What you are asked to do:
Repeat exactly the lines from the first line of the records through the line containing "Babor Argan Kreminis", and nothing more.

+-------+

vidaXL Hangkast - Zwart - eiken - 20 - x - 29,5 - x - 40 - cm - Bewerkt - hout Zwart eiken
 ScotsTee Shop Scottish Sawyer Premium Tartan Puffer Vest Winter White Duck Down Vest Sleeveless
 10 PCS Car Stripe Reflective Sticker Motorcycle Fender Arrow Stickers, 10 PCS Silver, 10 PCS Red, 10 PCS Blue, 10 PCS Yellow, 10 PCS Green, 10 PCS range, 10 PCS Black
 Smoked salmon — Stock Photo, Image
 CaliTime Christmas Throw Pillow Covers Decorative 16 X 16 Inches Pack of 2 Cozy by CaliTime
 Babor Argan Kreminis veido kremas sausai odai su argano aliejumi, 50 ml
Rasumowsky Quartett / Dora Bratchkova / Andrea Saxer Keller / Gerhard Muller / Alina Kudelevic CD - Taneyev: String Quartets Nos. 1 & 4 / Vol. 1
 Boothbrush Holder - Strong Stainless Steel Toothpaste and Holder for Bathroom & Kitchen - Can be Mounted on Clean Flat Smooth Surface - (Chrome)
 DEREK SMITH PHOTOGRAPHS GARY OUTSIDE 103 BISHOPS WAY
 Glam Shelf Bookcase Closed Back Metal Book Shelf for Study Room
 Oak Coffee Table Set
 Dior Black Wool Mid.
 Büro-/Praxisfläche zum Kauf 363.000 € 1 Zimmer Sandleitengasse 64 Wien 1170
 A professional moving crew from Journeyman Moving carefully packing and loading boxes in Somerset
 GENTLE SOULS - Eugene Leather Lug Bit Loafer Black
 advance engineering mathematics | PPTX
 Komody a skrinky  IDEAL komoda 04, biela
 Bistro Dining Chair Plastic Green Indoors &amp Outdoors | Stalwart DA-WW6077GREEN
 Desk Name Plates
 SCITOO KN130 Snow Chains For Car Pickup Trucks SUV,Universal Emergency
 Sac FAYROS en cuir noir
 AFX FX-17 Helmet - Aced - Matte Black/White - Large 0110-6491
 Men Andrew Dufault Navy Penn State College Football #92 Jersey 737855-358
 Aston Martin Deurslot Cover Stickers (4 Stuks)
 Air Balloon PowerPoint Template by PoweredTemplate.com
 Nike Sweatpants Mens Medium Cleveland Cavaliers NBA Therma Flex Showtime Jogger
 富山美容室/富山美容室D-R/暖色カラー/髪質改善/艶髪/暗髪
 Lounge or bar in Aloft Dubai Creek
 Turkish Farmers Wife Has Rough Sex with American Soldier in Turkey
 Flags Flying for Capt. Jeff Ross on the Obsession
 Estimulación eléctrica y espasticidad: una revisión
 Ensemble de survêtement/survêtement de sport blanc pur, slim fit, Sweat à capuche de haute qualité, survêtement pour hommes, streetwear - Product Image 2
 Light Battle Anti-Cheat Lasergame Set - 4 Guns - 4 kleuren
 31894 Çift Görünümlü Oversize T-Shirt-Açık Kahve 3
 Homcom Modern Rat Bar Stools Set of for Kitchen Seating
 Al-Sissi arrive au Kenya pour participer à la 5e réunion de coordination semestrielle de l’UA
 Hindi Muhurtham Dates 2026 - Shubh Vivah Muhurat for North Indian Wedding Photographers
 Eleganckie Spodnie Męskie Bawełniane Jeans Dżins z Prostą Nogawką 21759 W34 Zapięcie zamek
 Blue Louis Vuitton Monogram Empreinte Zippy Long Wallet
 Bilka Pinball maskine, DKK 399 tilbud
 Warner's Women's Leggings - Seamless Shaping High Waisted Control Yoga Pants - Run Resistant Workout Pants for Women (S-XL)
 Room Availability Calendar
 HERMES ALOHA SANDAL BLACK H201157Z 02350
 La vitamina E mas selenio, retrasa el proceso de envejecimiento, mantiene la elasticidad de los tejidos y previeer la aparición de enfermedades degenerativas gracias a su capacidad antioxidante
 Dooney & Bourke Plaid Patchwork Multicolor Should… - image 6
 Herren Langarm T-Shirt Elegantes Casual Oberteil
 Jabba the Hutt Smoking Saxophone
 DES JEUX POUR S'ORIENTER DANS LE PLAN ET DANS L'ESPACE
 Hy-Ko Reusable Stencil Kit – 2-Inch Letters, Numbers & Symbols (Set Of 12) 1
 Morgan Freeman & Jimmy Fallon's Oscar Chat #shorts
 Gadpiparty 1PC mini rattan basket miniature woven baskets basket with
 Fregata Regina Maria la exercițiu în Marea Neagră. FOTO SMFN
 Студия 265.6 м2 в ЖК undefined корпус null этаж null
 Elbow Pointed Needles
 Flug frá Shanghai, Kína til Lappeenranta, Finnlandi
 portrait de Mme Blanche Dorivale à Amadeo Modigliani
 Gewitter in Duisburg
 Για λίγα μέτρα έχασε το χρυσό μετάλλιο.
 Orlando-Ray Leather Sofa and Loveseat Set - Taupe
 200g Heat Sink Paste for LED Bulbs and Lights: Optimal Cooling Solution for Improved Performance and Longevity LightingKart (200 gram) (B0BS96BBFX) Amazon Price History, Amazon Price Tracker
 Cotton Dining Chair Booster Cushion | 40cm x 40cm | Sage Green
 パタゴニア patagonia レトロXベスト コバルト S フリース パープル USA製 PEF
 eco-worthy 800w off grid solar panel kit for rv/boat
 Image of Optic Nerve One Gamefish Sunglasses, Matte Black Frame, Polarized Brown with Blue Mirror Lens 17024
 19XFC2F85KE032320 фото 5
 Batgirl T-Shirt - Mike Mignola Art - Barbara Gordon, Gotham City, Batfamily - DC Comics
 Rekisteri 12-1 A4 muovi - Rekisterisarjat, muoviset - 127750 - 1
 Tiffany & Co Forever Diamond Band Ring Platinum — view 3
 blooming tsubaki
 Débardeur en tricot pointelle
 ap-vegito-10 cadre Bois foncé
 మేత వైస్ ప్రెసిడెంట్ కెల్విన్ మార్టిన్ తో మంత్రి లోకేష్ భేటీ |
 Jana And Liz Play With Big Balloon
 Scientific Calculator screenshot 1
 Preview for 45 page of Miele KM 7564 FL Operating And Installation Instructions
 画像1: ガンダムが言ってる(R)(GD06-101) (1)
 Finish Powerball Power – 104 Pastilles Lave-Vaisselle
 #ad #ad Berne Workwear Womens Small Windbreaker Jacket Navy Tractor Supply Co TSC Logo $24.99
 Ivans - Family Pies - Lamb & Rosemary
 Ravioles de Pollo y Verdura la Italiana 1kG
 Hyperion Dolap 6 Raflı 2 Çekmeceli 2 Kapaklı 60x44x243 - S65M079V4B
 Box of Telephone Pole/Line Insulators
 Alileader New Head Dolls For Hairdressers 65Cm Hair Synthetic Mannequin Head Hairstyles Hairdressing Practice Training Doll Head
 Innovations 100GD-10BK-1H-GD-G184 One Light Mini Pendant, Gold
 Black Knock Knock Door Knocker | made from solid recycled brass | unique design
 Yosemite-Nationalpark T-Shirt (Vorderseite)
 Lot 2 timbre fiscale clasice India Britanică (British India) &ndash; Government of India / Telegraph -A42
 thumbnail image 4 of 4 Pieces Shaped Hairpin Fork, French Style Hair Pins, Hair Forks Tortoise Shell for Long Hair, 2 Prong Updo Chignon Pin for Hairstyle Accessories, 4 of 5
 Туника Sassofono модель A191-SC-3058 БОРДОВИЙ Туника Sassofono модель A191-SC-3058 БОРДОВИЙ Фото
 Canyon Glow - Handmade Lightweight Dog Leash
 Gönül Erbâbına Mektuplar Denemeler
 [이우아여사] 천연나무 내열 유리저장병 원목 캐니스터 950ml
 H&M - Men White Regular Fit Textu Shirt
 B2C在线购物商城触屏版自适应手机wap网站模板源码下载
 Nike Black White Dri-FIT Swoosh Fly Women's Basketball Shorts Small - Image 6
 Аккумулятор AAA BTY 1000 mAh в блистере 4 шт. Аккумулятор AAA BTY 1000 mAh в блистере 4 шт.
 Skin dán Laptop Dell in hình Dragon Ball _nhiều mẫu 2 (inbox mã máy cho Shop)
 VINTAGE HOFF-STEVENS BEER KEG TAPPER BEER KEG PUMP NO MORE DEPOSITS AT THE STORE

+-------+

Finished exercise:
vidaXL Hangkast - Zwart - eiken - 20 - x - 29,5 - x - 40 - cm - Bewerkt - hout Zwart eiken
 ScotsTee Shop Scottish Sawyer Premium Tartan Puffer Vest Winter White Duck Down Vest Sleeveless
 10 PCS Car Stripe Reflective Sticker Motorcycle Fender Arrow Stickers, 10 PCS Silver, 10 PCS Red, 10 PCS Blue, 10 PCS Yellow, 10 PCS Green, 10 PCS range, 10 PCS Black
 Smoked salmon — Stock Photo, Image
 CaliTime Christmas Throw Pillow Covers Decorative 16 X 16 Inches Pack of 2 Cozy by CaliTime
 Babor Argan Kreminis veido kremas sausai odai su argano aliejumi, 50 ml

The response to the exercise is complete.